Bring Your Own Key (BYOK)
You can use your own API key instead of Yumina credits. Go to Settings > AI Configuration and switch to Private Key mode.
Supported providers:
| Provider | Where to get a key |
|---|---|
| OpenRouter | openrouter.ai/keys -- one key unlocks hundreds of models |
| Anthropic | console.anthropic.com |
| OpenAI | platform.openai.com |
| aistudio.google.dev | |
| Ollama | ollama.com -- run models locally |
Setup:
- Switch the provider toggle from Yumina API to Private Key
- Select your provider and enter your key
- Click verify to test the key
Your key is encrypted at rest (AES-256-GCM). The raw key is never returned from the server after storage -- only metadata (provider, label, masked suffix).
With BYOK, you have no context size cap and access to whatever models your provider offers. Costs go directly to your API provider instead of Yumina credits.
Custom prompts
An advanced feature for tuning AI behavior across all worlds. Found in Settings > AI Configuration at the bottom.
You can inject your own prompts at three positions:
- System -- into the system prompt (strongest effect)

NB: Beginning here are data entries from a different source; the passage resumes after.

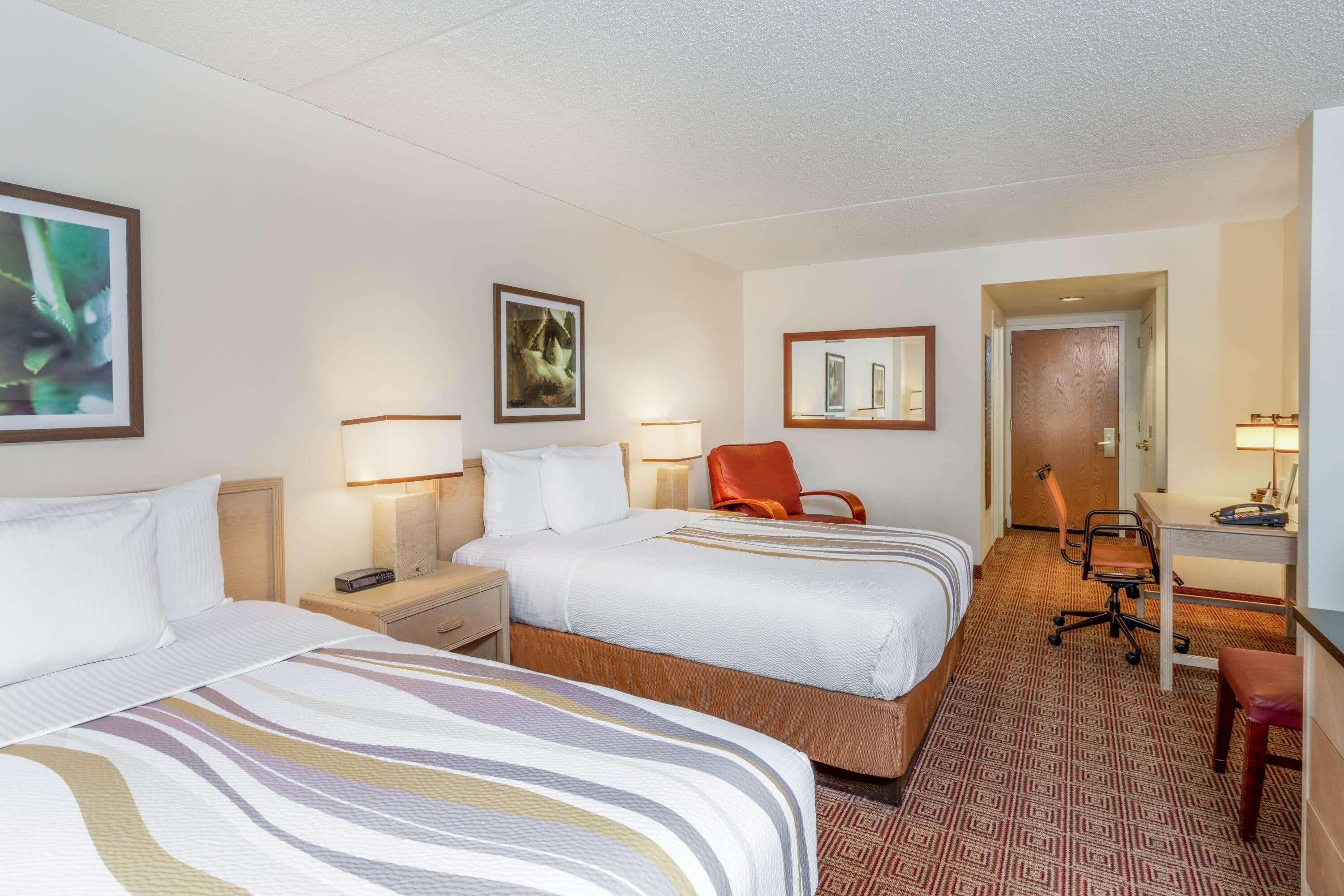 La Quinta By Wyndham Garden City Exterior photo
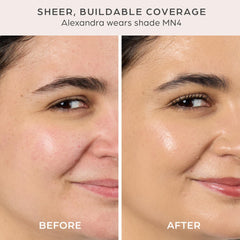 PÜR MINERALS being blended with fingers demonstrating quick, mess-free application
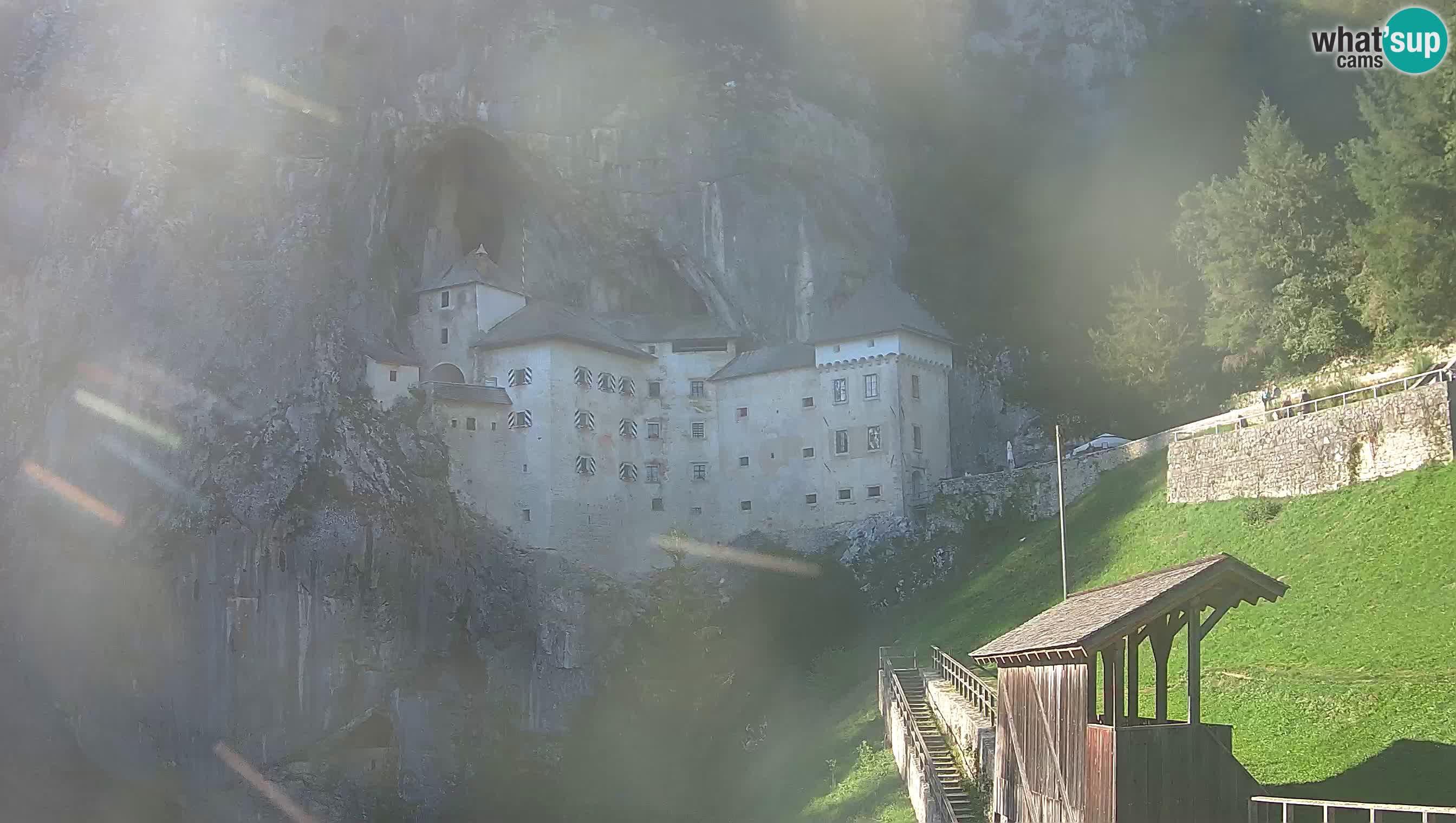 Live Webcam Castello di Predjama – Postumia – Slovenia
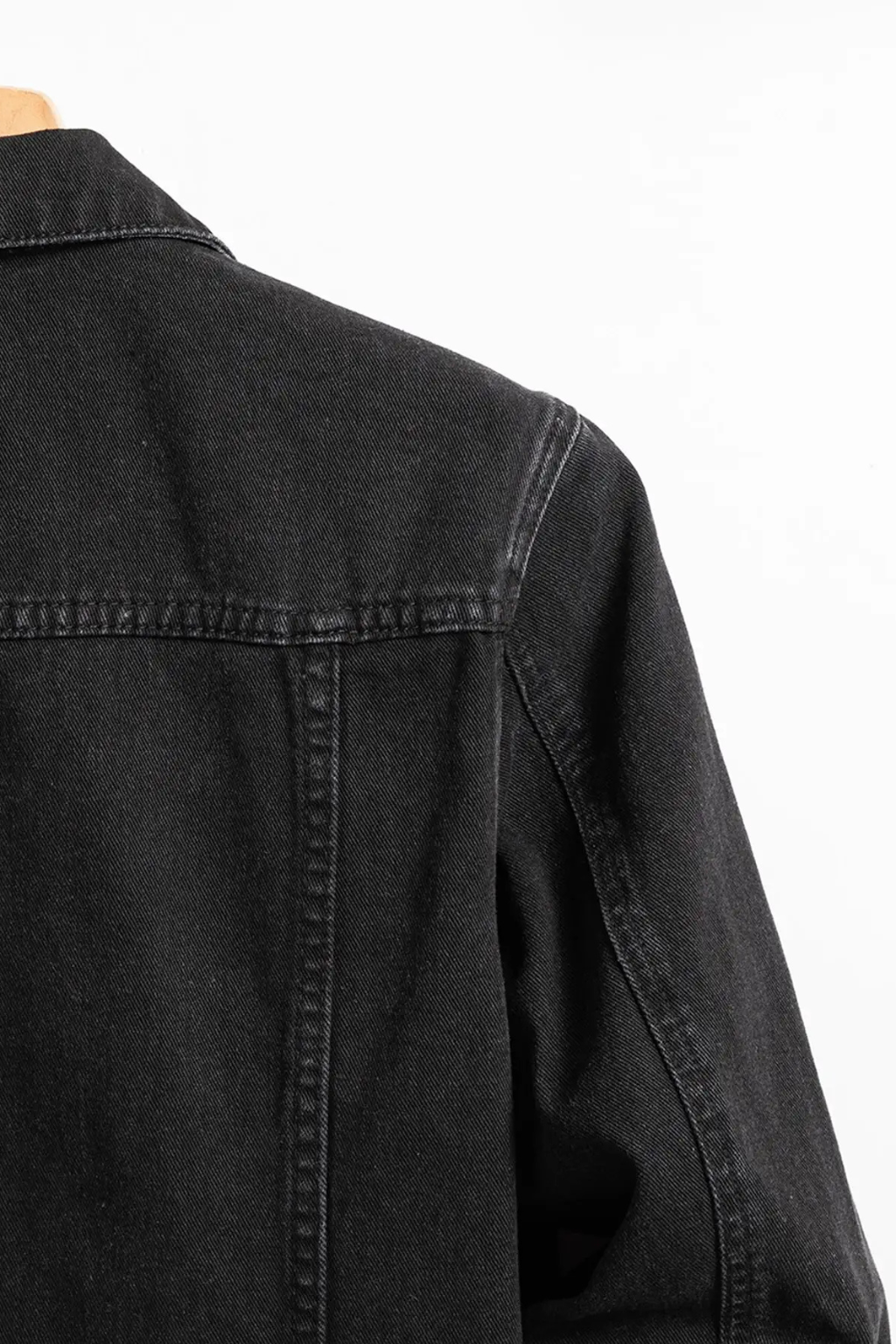 Casaco de ganga preto de homem com bolsos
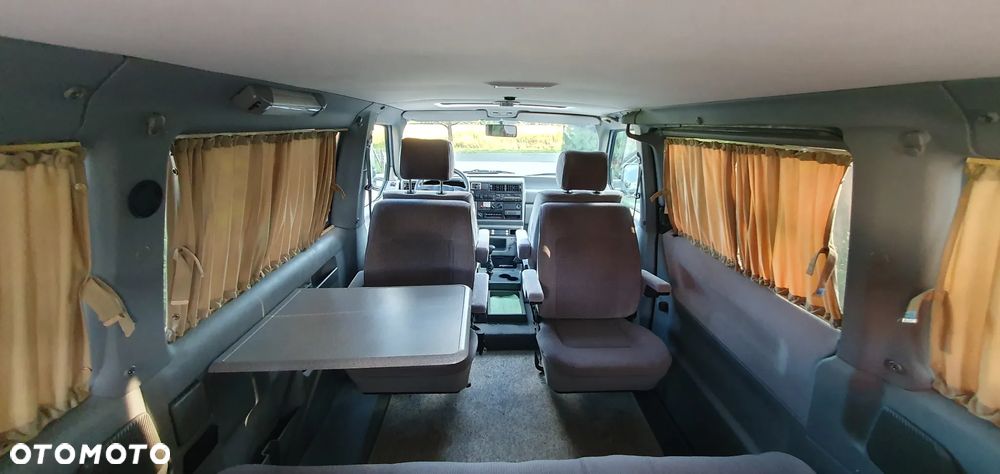 Volkswagen Multivan - 11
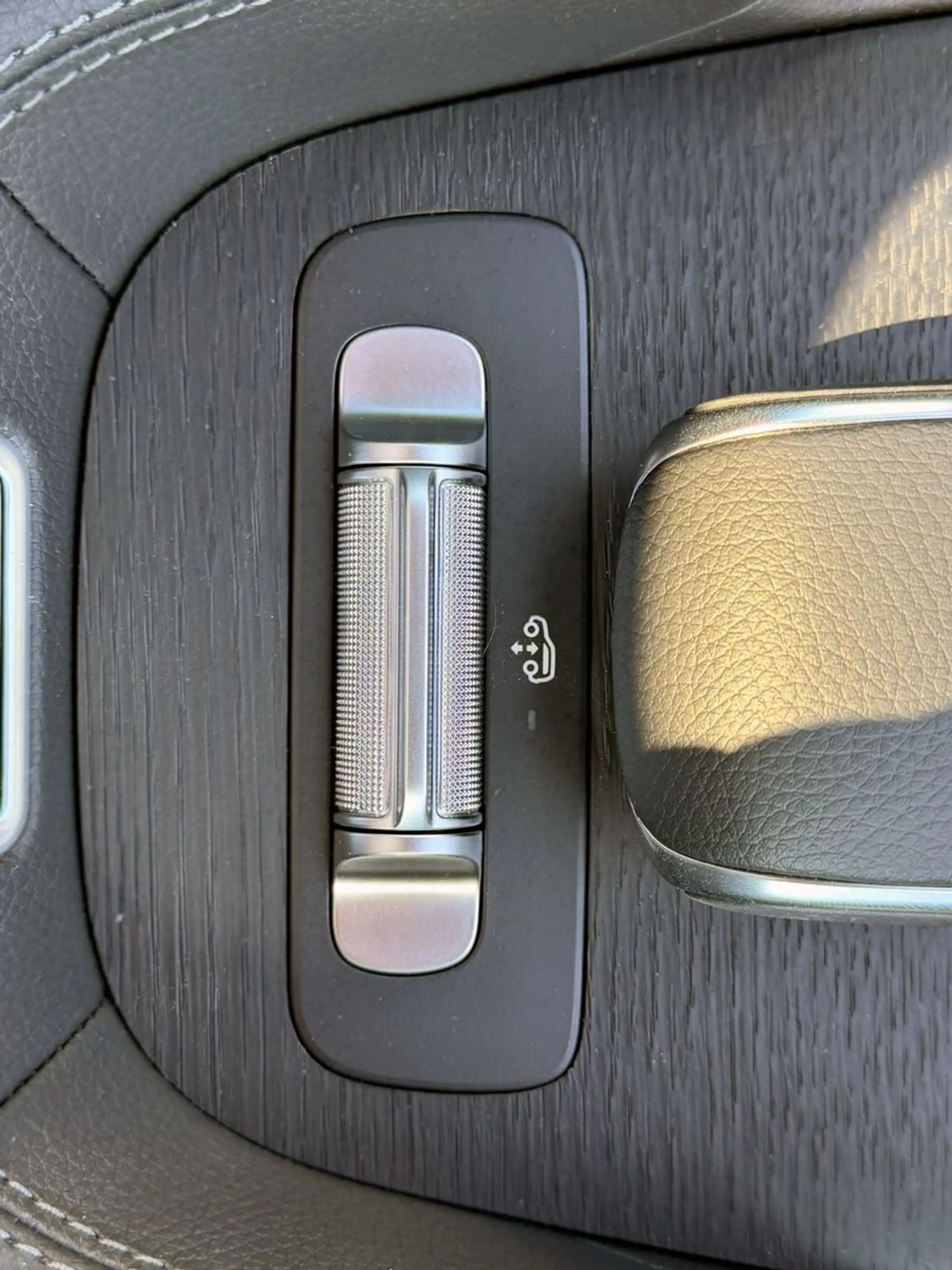 Mercedes-Benz GLS 450 d 4M AMG 7-Stz. AIRMATIC ACC LED 360° AHK — photo 14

- In-Chat -- into the middle of the chat history
- Final -- at the very end, right before the AI responds
Use this if the AI consistently misbehaves in a specific way (always forgetting a rule, always responding in the wrong language, etc.). Most players won't need this.
Prompt presets
Every world's creator sets up default prompt presets. You can choose:
- Use Creator's -- use what the creator intended (recommended)
- Use My Own -- override with your own configuration
Unless you understand the prompt architecture, leave this on Creator's. Changing presets can break worlds in subtle ways.